WHAT YOU WILL DO » Using the records below, copy exactly the part that opens with the line holding "Anne, kitaplar arasında" and closes with the line holding "a view of a room with racks on the wall", minus the pictures.

DATA TO USE »
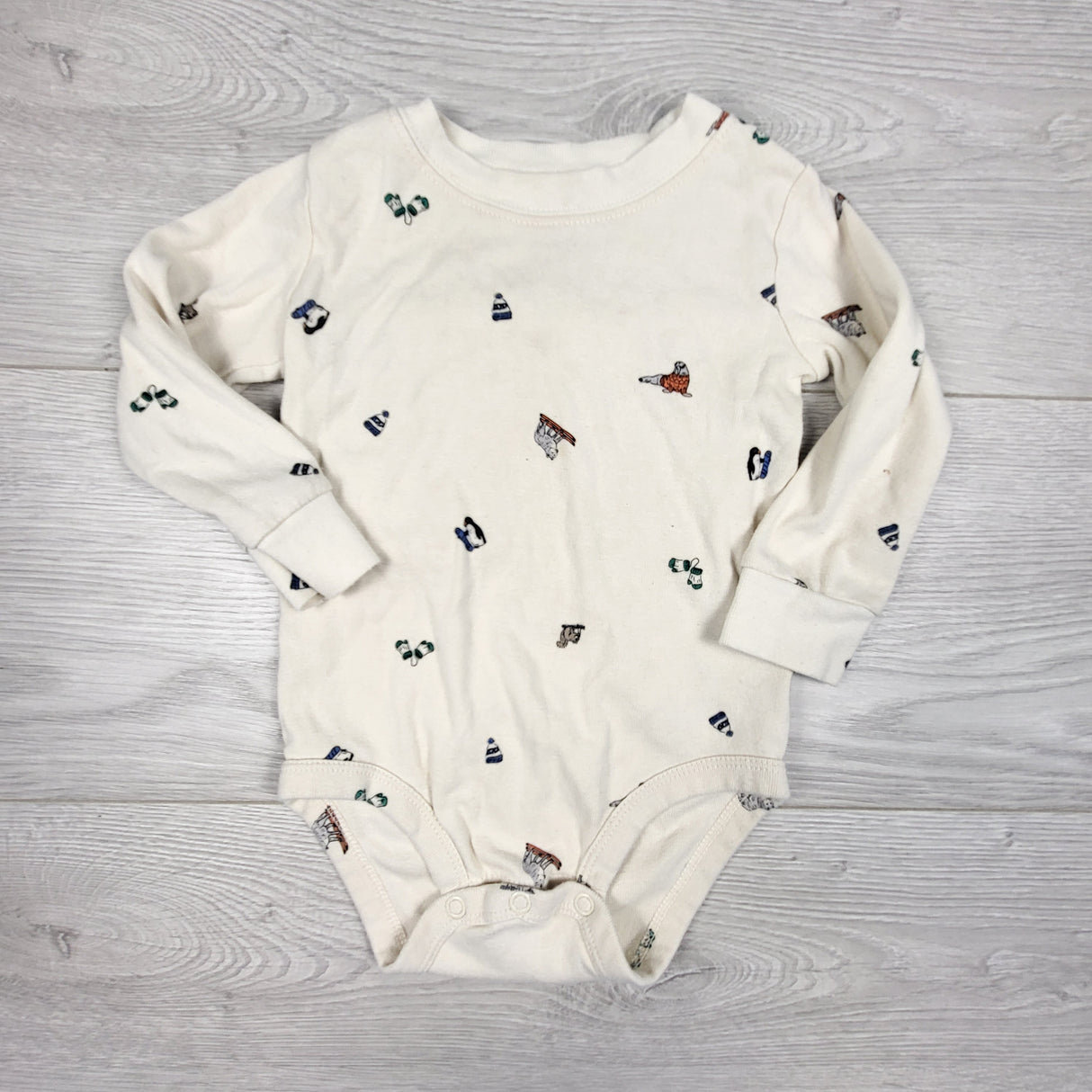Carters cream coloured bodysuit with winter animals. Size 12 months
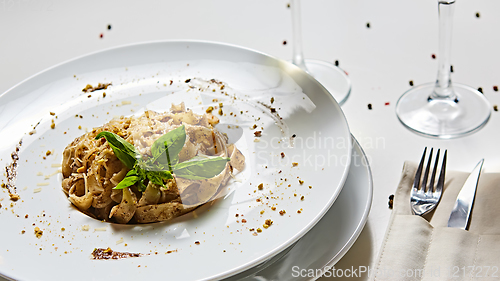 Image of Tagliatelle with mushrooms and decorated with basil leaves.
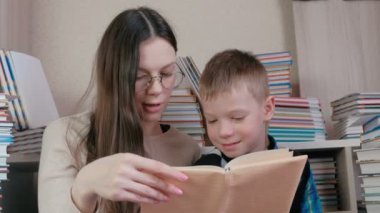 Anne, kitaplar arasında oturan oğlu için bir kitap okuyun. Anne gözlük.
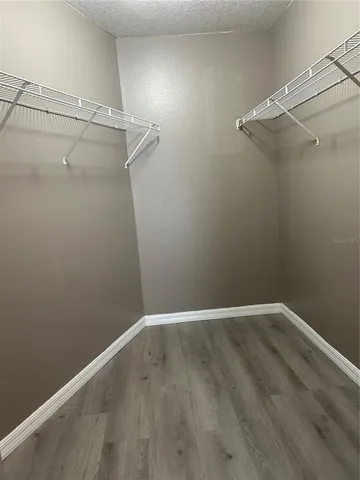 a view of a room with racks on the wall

...

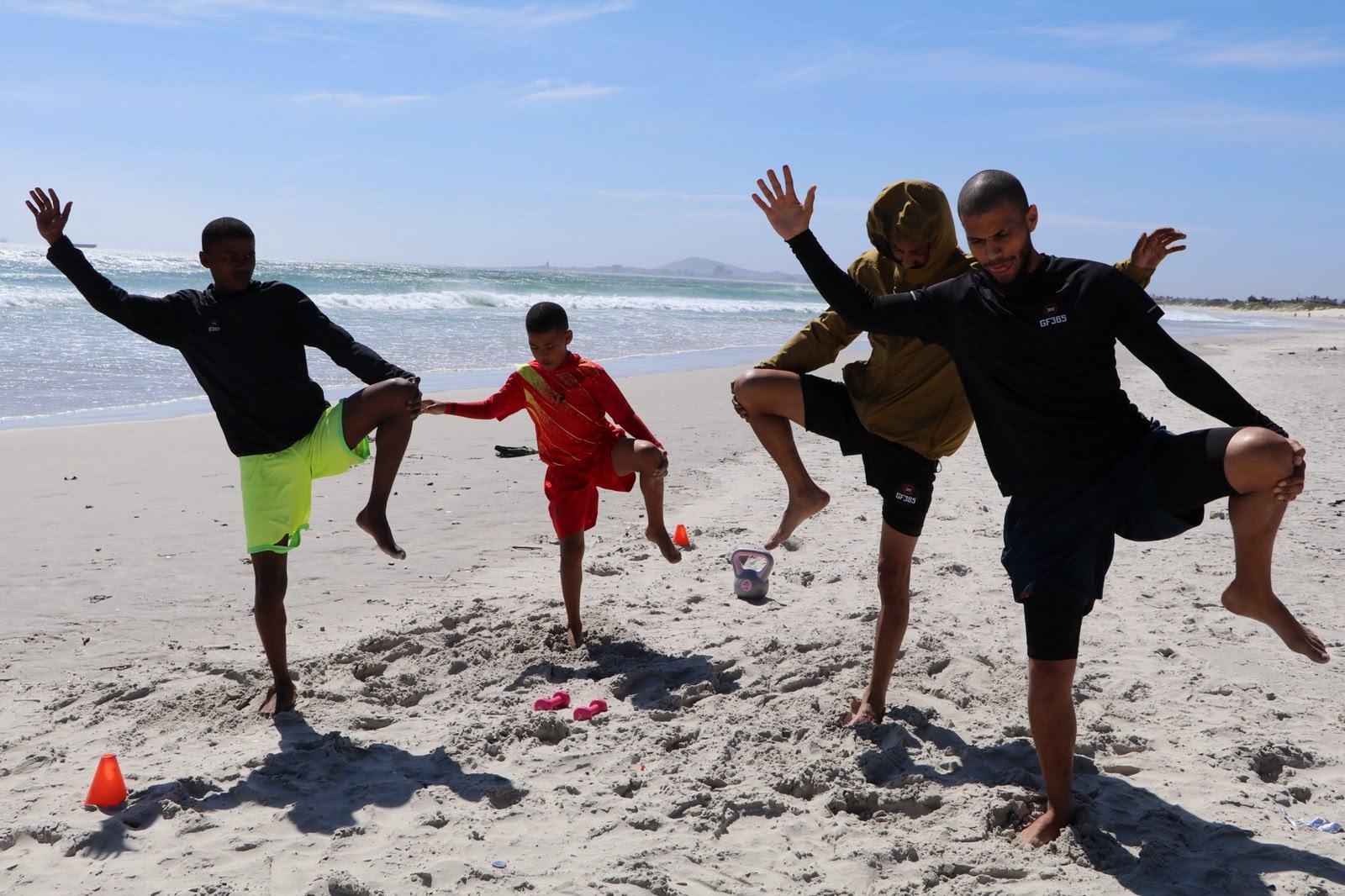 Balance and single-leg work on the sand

ANSWER FOR THIS EXERCISE »
 Anne, kitaplar arasında oturan oğlu için bir kitap okuyun. Anne gözlük.
 a view of a room with racks on the wall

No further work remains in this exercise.